During his recent visit to Moscow for attending the annual Gaidar Forum housed by the Russian Presidential Academy of National Economy and Public Administration, Timothy S. Mescon, Executive Vice President and Chief Officer for Europe, Middle East and Africa at the Association to Advance Collegiate Schools of Business, met with Invest Foresight, the forum’s strategic media partner, to share his views of the modern trends in higher education.
“The Gaidar Forum is a fantastic mix of participants providing unique perspectives on business education. The sessions are always very crowded, they ensure good interchange with the audience and provide a lot of interesting information,” Mr Mescon pointed out. “I have a pleasure of frequently coming to Moscow, St Petersburg, Nizhny Novgorod, Kazan and Yekaterinburg and there I visit wonderful and impressive faculties in business schools across this great country. There is a growing interest in Russia. We have good membership across the country and in the last six months we accredited the very first Russian business school, IBS at RANEPA. I am also especially proud that the dean of IBS and Vice Rector of RANEPA, Sergey Myasoedov, is on the AACSB Board of Directors as well. So the country is well represented and we see a really growing interest in accreditation, in our work with schools across the country.”

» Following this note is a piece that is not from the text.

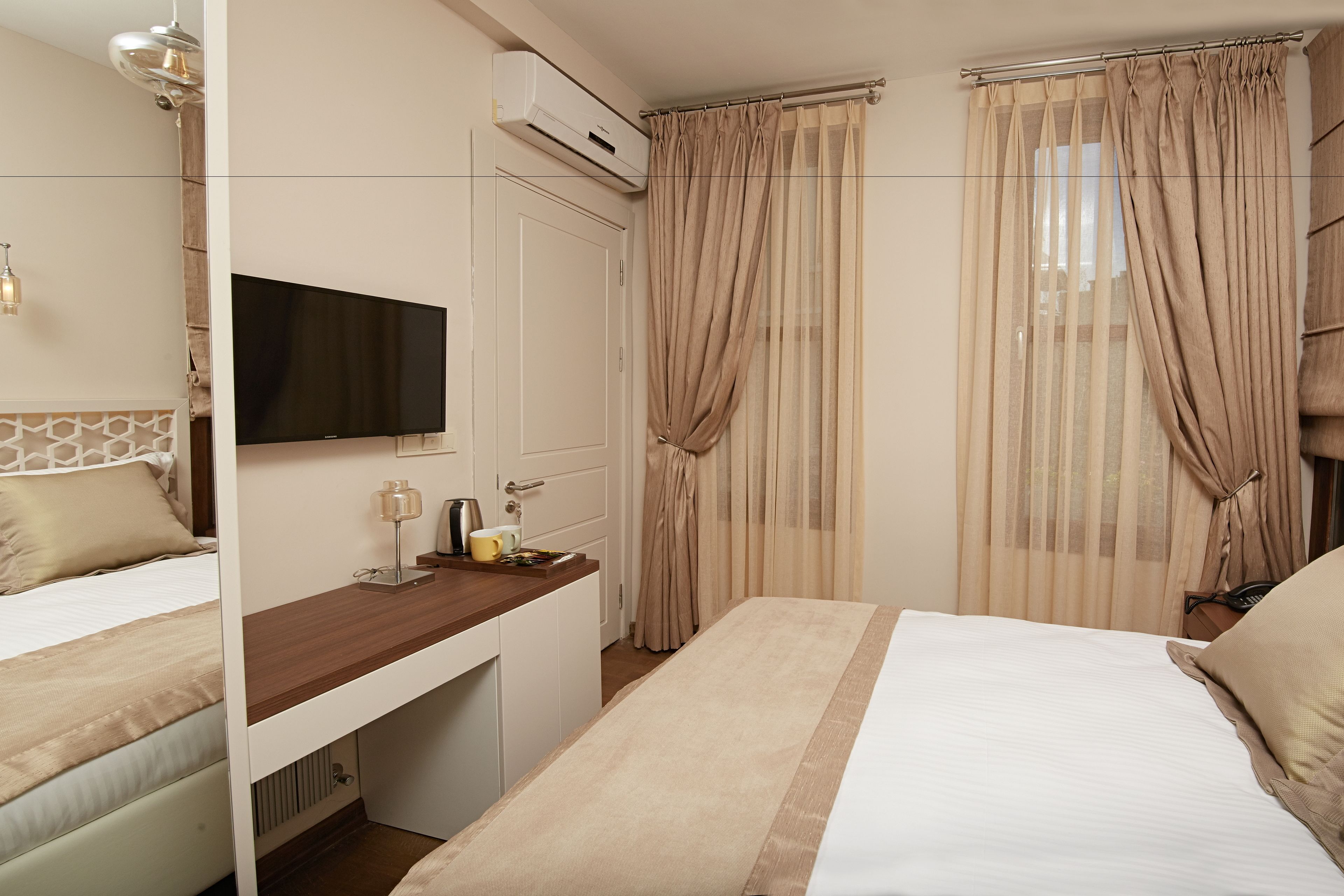 A hotel room with a bed, a desk, a TV, and curtains.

As Timothy Mescon noted, among numerous challenges for high quality education, “There is a very important issue of access. The question is not just Russian, it’s a global issue of access to higher education. It becomes a very critical concern for young people today. First of all, across Europe, generally speaking, higher education is both affordable and accessible for great numbers of the population. As importantly, many providers of higher education in general and business education in particular, are not only offering face-to-face traditional classroom instruction, but are also offering digital online options as well.”

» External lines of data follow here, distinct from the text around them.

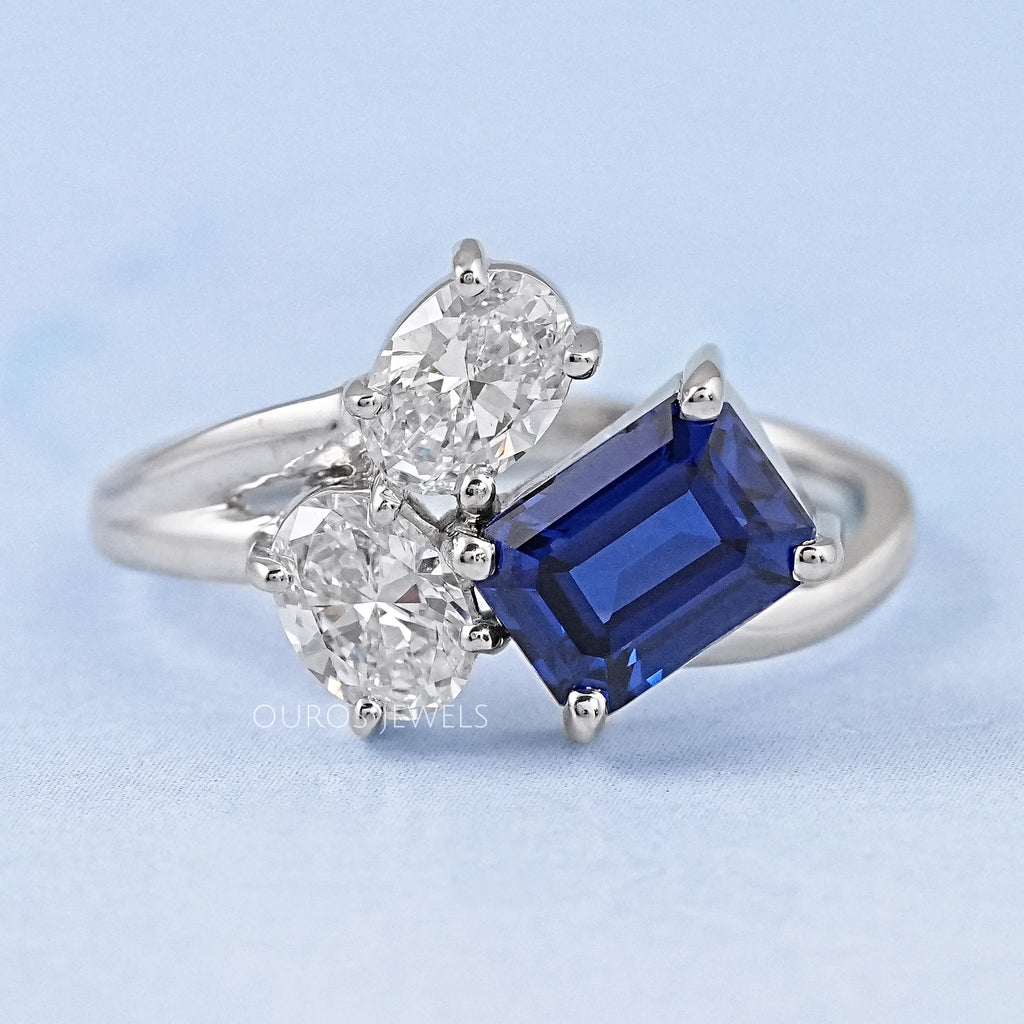 front view of sapphire emerald and oval cut diamond split shank engagement ring
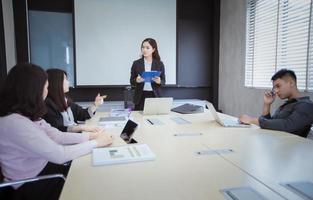 Business meeting at conference table photo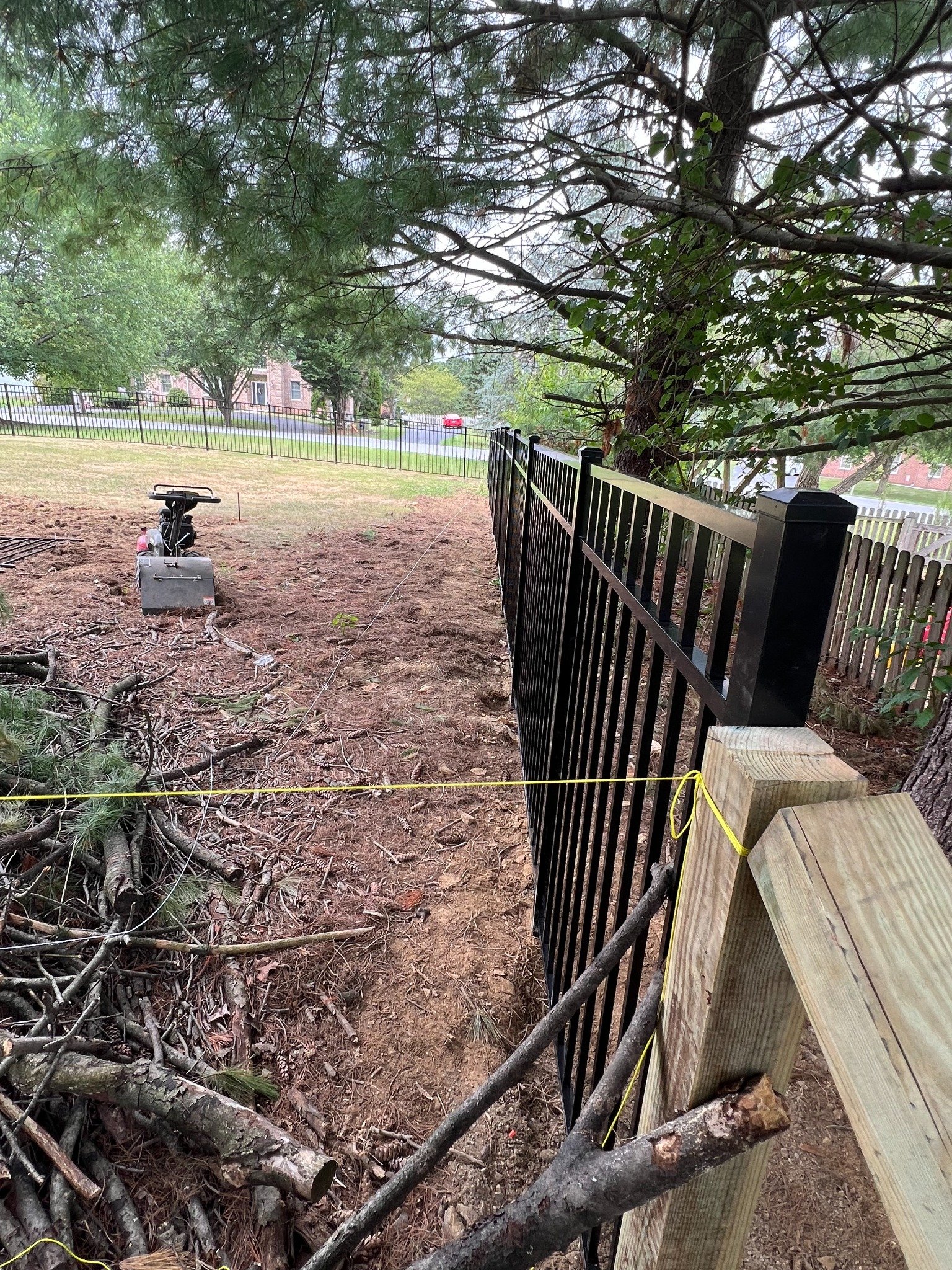 Black metal fence layout and site preparation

The situation may differ in various regions. Yet Mr Mescon gave an example. “This week I was in Nigeria with population of 200 million people,” he said. “Surprisingly, 87% of the population of that country have access to mobile technology. So one of the real challenges for educators today is to focus not just on delivering courses, or programs, or modules to a distant or a tablet, but, more importantly now for accessibility, to a smartphone. And this whole area of mircolearning when education is delivered to smart devices, is really the future of mobile delivery, because that’s the platform which is universally available in many places. On the other hand, I visit faculties in developing countries, and I go to an auditorium and sit in a lecture with four thousand students. These are countries that do the best they can, but that can not be effective. If you are a young person sitting in the back of that auditorium, that’s impossible. So we’ve got to experiment with all the modes of delivery to provide access. The question is not just whether you can afford it, can you pay for it, but is it in a manner where you can actually learn appropriately?”

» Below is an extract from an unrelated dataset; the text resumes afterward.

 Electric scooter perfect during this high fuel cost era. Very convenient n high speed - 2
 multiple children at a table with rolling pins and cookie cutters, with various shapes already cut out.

“Education technologies is a hot topic,” he believes. “Yet we are talking about everything from the microlearning, from delivery to a smartphone, to artificial intelligence, augmented reality, virtual reality and maybe everything in between and lots of variations of them. The reality is, interestingly, in much of Europe, there is not a lot of delivery outside of the traditional face-to-face instruction. Europe is being very cautious with leveraging digital technologies. That’s why you do have schools like the Open University in the UK with over 200,000 students, all virtual, but in many traditional institutions they say no, you must come to the university, you must sit in the classroom, and we’ll lecture. The reality is, the marketplace is changing, and higher education also must change.”
“Few years ago, the dean at Harvard business school said, we will never ever deliver educational programs digitally as education is about face to face. Yet today, what’s called HBS Online, is one of the fastest-growing educational enterprises in the world – and it’s all about digital delivery. So the reality is, universities, business schools, faculties will embrace technology at different pace and in different times – in times that they think are right for them – and sometimes, it’s because they have to. I visited a school recently in Cyprus, in Nicosia. It’s a small country in a remote region of Europe, so how should they grow? They felt the only way to grow is digital, so they developed a Masters program in fintech around cryptocurrency, and now they have thousands of students around the world studying at the University of Nicosia in Cyprus which they may never visit, may never see the campus, but they’ll earn Master’s degrees or professional credentials because they focused on this one area. So it’s different for different schools and it will come at a different pace, but you can not ignore technology,” Timothy Mescon stressed. “It’s here and it’s coming faster and faster, it’s becoming more and more sophisticated – and we need to embrace it.”